Hypothetically, if I were to commit an act of larceny, I might snatch a plasma-screen TV or an expensive kitchen appliance. A classy string of pearls, perhaps. I’d probably steer clear of, say, cherished Vietnam War memorabilia—but then, what do I know? I’m no master thief, and I have no way of understanding the unique demands of a life of crime. That’s why I’m so confused by the actions of one North Carolina burglar who allegedly stole a patriarch’s Purple Heart medal and traded it for a bottle of MTN DEW Code Red.
North Carolina news station WSOC reports that Erica Laws, the daughter of deceased Vietnam vet Daniel Wayne Laws, kept her father’s two Purple Hearts, along with several other medals, next to his ashes at the family home.
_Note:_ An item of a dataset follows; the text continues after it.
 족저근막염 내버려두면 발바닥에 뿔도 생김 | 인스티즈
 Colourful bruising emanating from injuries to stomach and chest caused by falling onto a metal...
Her father, who died in 2016, completed two tours of duty in the war and rose to the rank of staff sergeant. Unfortunately, one swindler snuck into the home and snatched the medals and the Purple Hearts. The thief also made off with a TV and a Kawasaki Bayou Four-Wheeler. (Now we’re talking!)
The burglar was caught on surveillance camera leaving the property; however, police didn’t get their first lead until he reportedly traded one of the Purple Heart medals for a MTN DEW Code Red. There’s no word on why or how the gentleman initiated the trade; however, I’d imagine it went something like this:
THIEF: Hello, my good man. Can I please have that MTN DEW Code Red? It looks delicious, and red is my favorite color.
RANDOM GUY: Of course, but I must ask you for something in return. What might you have on offer?
THIEF: Would this gleaming purple pendant be of interest to you?
RANDOM GUY: Sounds like a fair trade. It’s been a pleasure doing business with you. Goodbye!
The most recent recipient of the Purple Heart then alerted authorities after seeing the story about the missing Purple Heart on television. Now, local police are looking for the four-wheeler in hopes that it could lead them to the thief, as well as the rest of the stolen medals. This definitely seems like “world’s dumbest criminals” territory, but hey: when the DEW calls, you gotta answer.